A week or two ago I decided to clean out my garage. I waded through totes of rubbish, discarding much. A few boxes contained things from when I was young lad. Three yo-yos, still strangely cool. A tin of ARMY paint. A plastic recorder. One well-worn Rubik's cube (that I learned to solve as a freshman in college, though I no longer remember how). Lots of drawings and super hero cards and drawings of super heroes. A stack of old writings, from items in my high school portfolio to obscure poetry to absurd fiction. And, among other things, a box of 3.5" floppy disks. (FN1)
My computer at work is possibly one of the last one's remaining on the Earth that has a floppy drive still in it. Back in high school, I thought floppies were super cool. Cool enough that this box had several floppies in it, and I had no clue what I would find. So I brought the disks to work and popped them in. After some system groaning, things finally started working.
Half of them were blank. One or two had files but would not let me open them. And then two had some old writings of mine. Old, as in, from when I was an early teenager old. Back in eighth grade (I think, give or take a grade) I started writing my first novel. I pecked out line after line of purely awesome and original fantasy. The world was not ready for the brilliance of my work. And so I wrote and wrote, drawing up maps and casting character after character. My story had unexplainable but logical magic and a magic sword and a simple farmboy and a princess and a Dark Lord (who was actually called Dark Lord), and many other totally original things. And then one day I ran out of time and forgot about the story.
This story was on the floppy. It's over 80,000 words. I called it The Legend of Eli. I read a few paragraphs and cringed at nearly every word. How could I, Master of Originality and Wielder of Words, create such trite garbage? I want to print it out and read through it all, just to see what the heck kind of story I did. I vaguely remember pieces of what it was about, but very little. I know it's got plot holes galore, I remember having that problem.
The sad thing is this story is just one more notch on my very long belt of unfinished tales. I'm not sure why I struggle to finish stories. It's not that I don't enjoy writing them. Lord knows I love to write. Apparently I always have, evidenced by the stacks of old writings I've found. (FN2) And if I didn't love to write, then I wouldn't do it. It doesn't matter if I'm writing a song or a blog post, there's just something about the way putting words out there makes me feel. Sure, my true love is fiction, but it's also my bane.

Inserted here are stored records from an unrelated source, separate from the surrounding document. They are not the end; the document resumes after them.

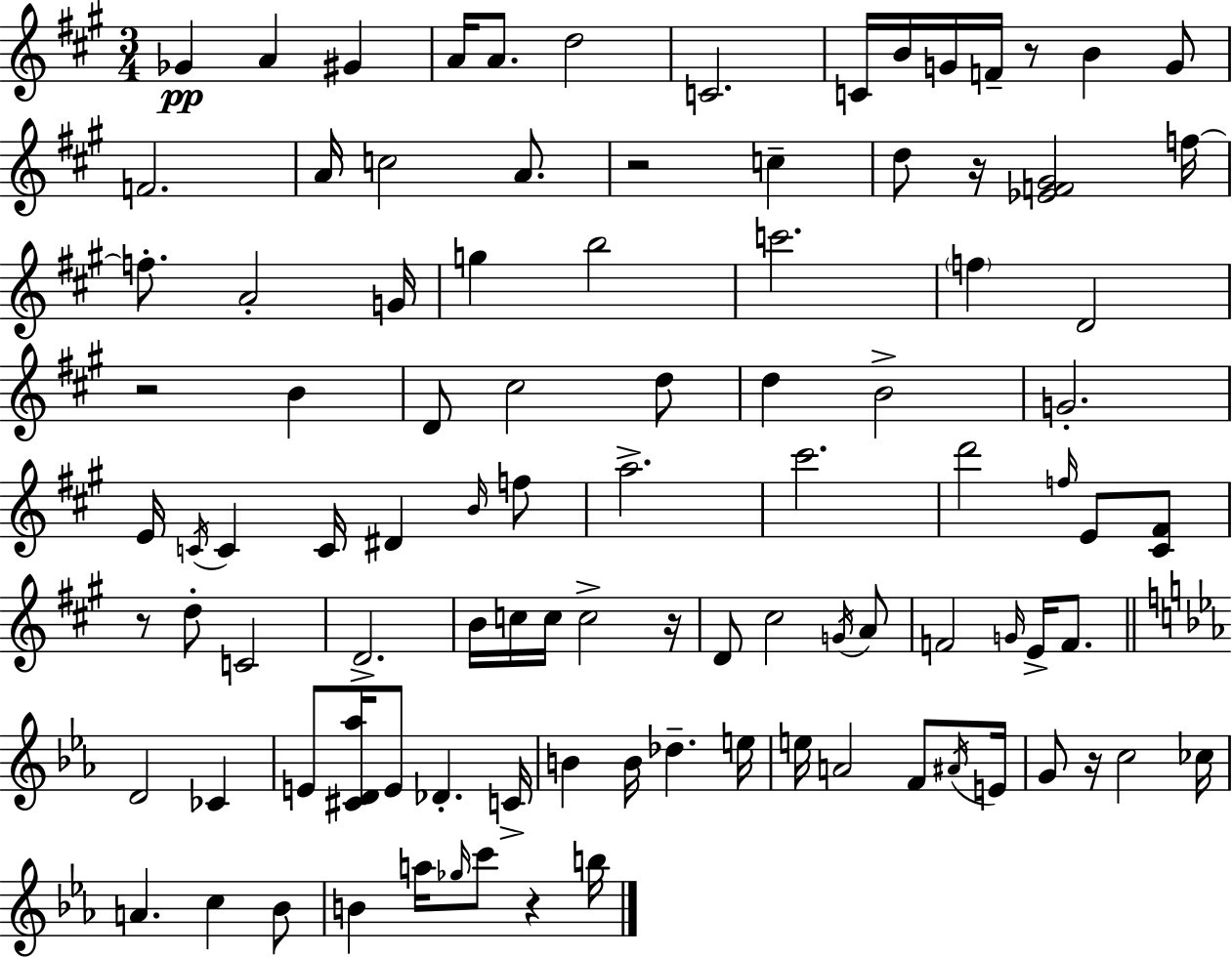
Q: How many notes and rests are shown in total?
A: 99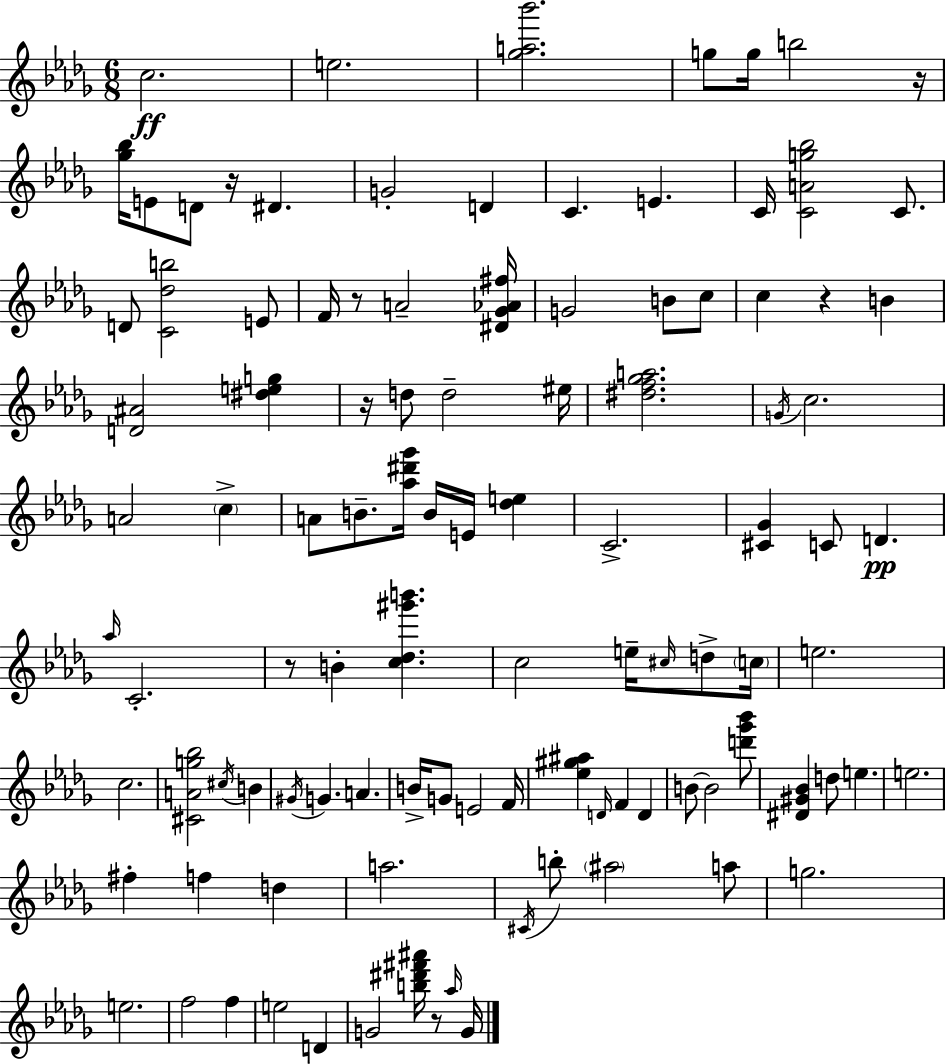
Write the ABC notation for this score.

X:1
T:Untitled
M:6/8
L:1/4
K:Bbm
c2 e2 [_ga_b']2 g/2 g/4 b2 z/4 [_g_b]/4 E/2 D/2 z/4 ^D G2 D C E C/4 [CAg_b]2 C/2 D/2 [C_db]2 E/2 F/4 z/2 A2 [^D_G_A^f]/4 G2 B/2 c/2 c z B [D^A]2 [^deg] z/4 d/2 d2 ^e/4 [^df_ga]2 G/4 c2 A2 c A/2 B/2 [_a^d'_g']/4 B/4 E/4 [_de] C2 [^C_G] C/2 D _a/4 C2 z/2 B [c_d^g'b'] c2 e/4 ^c/4 d/2 c/4 e2 c2 [^CAg_b]2 ^c/4 B ^G/4 G A B/4 G/2 E2 F/4 [_e^g^a] D/4 F D B/2 B2 [d'_g'_b']/2 [^D^G_B] d/2 e e2 ^f f d a2 ^C/4 b/2 ^a2 a/2 g2 e2 f2 f e2 D G2 [b^d'^f'^a']/4 z/2 _a/4 G/4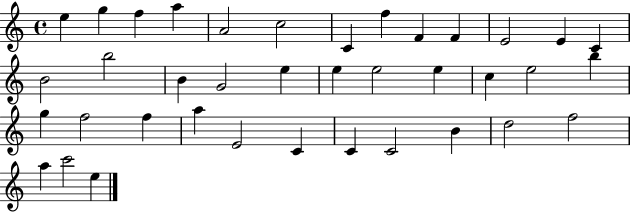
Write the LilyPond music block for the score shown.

{
  \clef treble
  \time 4/4
  \defaultTimeSignature
  \key c \major
  e''4 g''4 f''4 a''4 | a'2 c''2 | c'4 f''4 f'4 f'4 | e'2 e'4 c'4 | \break b'2 b''2 | b'4 g'2 e''4 | e''4 e''2 e''4 | c''4 e''2 b''4 | \break g''4 f''2 f''4 | a''4 e'2 c'4 | c'4 c'2 b'4 | d''2 f''2 | \break a''4 c'''2 e''4 | \bar "|."
}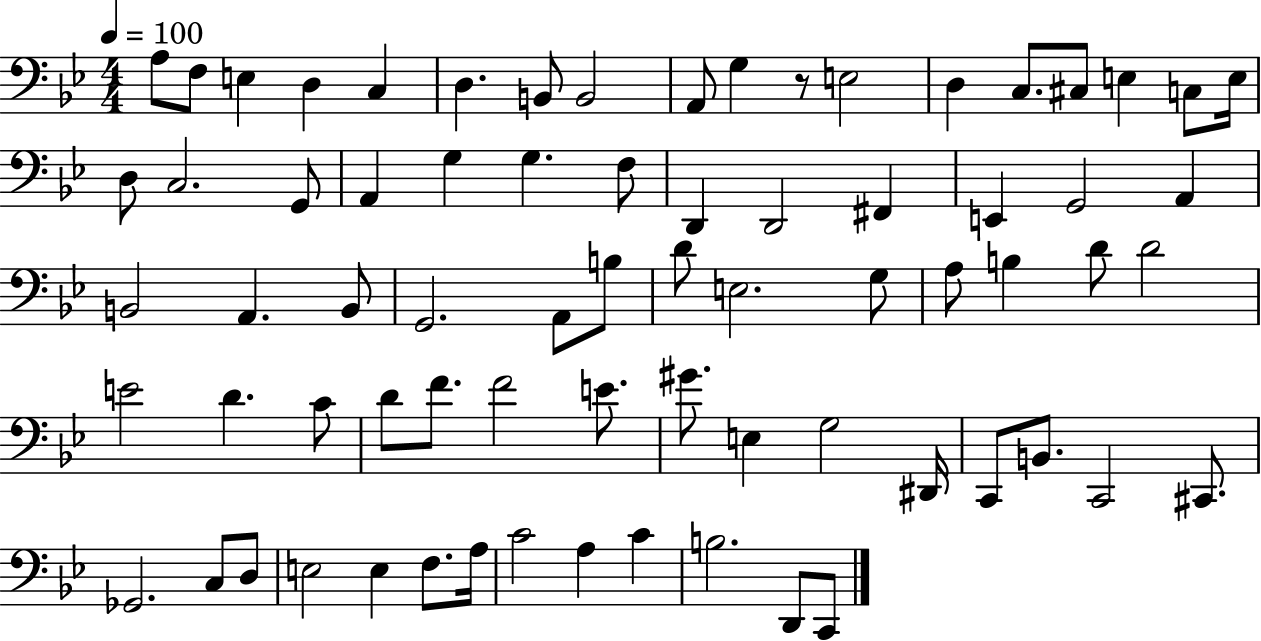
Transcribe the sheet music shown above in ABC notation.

X:1
T:Untitled
M:4/4
L:1/4
K:Bb
A,/2 F,/2 E, D, C, D, B,,/2 B,,2 A,,/2 G, z/2 E,2 D, C,/2 ^C,/2 E, C,/2 E,/4 D,/2 C,2 G,,/2 A,, G, G, F,/2 D,, D,,2 ^F,, E,, G,,2 A,, B,,2 A,, B,,/2 G,,2 A,,/2 B,/2 D/2 E,2 G,/2 A,/2 B, D/2 D2 E2 D C/2 D/2 F/2 F2 E/2 ^G/2 E, G,2 ^D,,/4 C,,/2 B,,/2 C,,2 ^C,,/2 _G,,2 C,/2 D,/2 E,2 E, F,/2 A,/4 C2 A, C B,2 D,,/2 C,,/2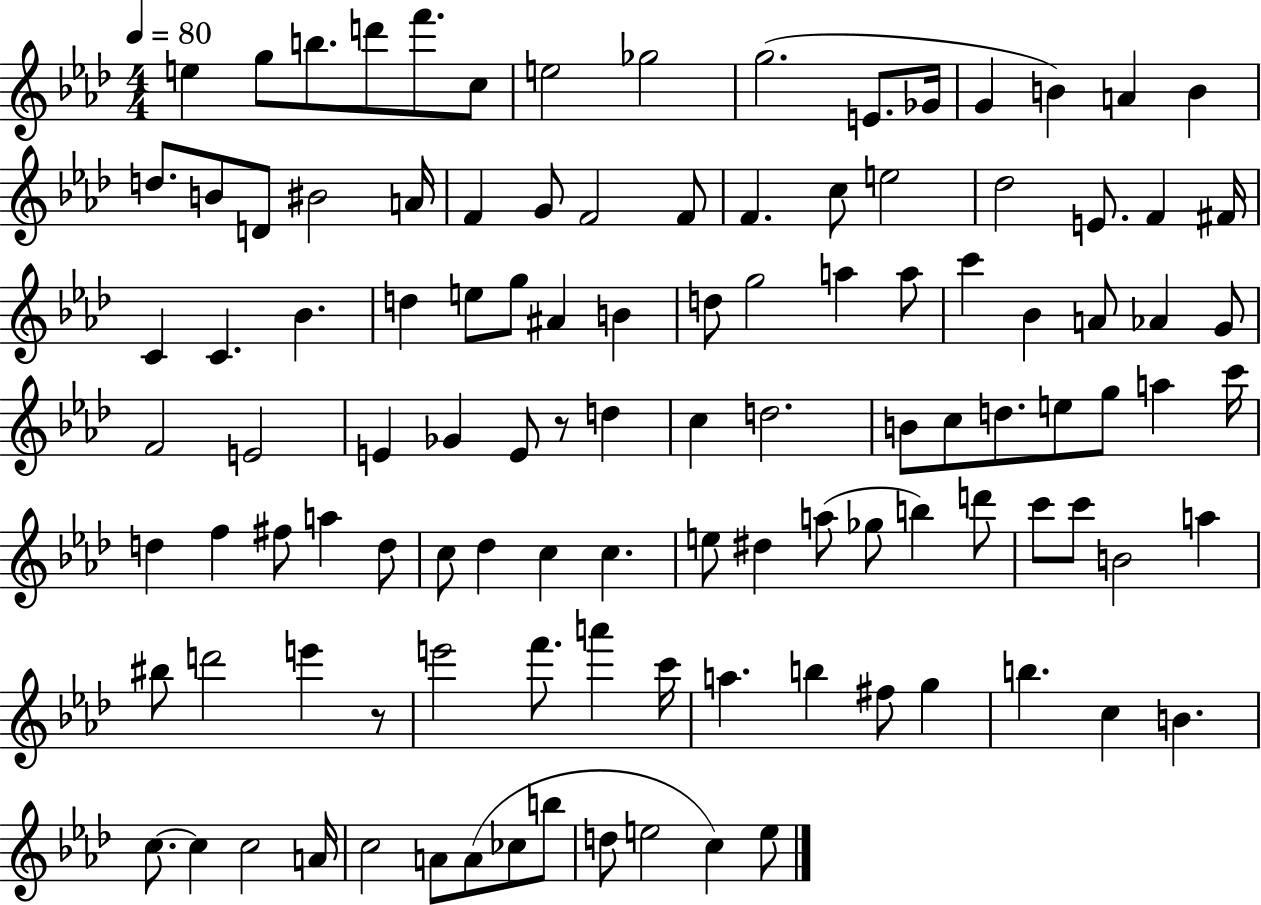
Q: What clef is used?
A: treble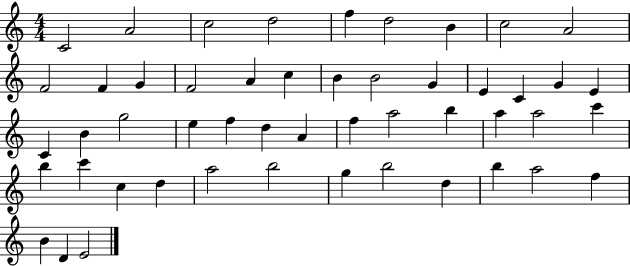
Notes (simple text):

C4/h A4/h C5/h D5/h F5/q D5/h B4/q C5/h A4/h F4/h F4/q G4/q F4/h A4/q C5/q B4/q B4/h G4/q E4/q C4/q G4/q E4/q C4/q B4/q G5/h E5/q F5/q D5/q A4/q F5/q A5/h B5/q A5/q A5/h C6/q B5/q C6/q C5/q D5/q A5/h B5/h G5/q B5/h D5/q B5/q A5/h F5/q B4/q D4/q E4/h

I like to blame it on too much creativity. My mind is always thinking about the next world to create. What kind of people will it have? Or what will the environment look like for these folks? Once I progress so far, it's like I've got to put to paper (FN3) the tale before I forget it, and then when I start jotting the ideas down, I instead jump ship and explore new waters more. Am I simple minded? ADHD? I don't know, but I don't think I am.
Maybe I get lost in my story. Perhaps I know where I'm at and where I want to go, but know that I want to explore more before I get there. If this is the case, then I need to simply tighten up my focus and press on. No one wants to read a sprawling epic that dawdles for too long before actually doing anything.
Looking back at most of my writings, it's rare to find an actual complete tale. Do I struggle with the endgame? Yes, but no. I struggle to even make it to the end. The biggest culprit is, of course, the lack of time, but that's used so often that it's a cliché that I can't put stock in. If I love it, then I'll find time. True. But I don't. For whatever reason, my stories peter out and sit alone on a shelf with the rest of forgotten lore. They're not masterpieces, nor are they well written, but they're mine. They're things I've invested time in, yet not enough. What does it take to get me to finish one?
Somehow I still convince myself to keep writing. This story will be different. This one will end. It will have closure. I can hear my future self laughing back at my current self now. (FN4) Keep telling yourself that, Logan. The writing machine keeps spinning yarns, but they always keep a-breakin'. But maybe this time you just might do it.
It's enough to keep me trying.
FN1: Disk is such an odd word. I almost always use disc, but with a floppy, it seems like it's disk, with a K. I'm not sure if there's really a difference in the English language.
FN2: I must have always been odd. Most of my stories are completely absurd, posing ridiculous situations or juxtaposing things that ought not be juxtaposed.
FN3: Okay, I don't literally write on paper. Most of my writing is done via Google Documents. Rarely do I use paper and pen for writing, though there are extenuating circumstances.
FN4: Like FN3, I can't literally hear this, though if I did I would be perplexed.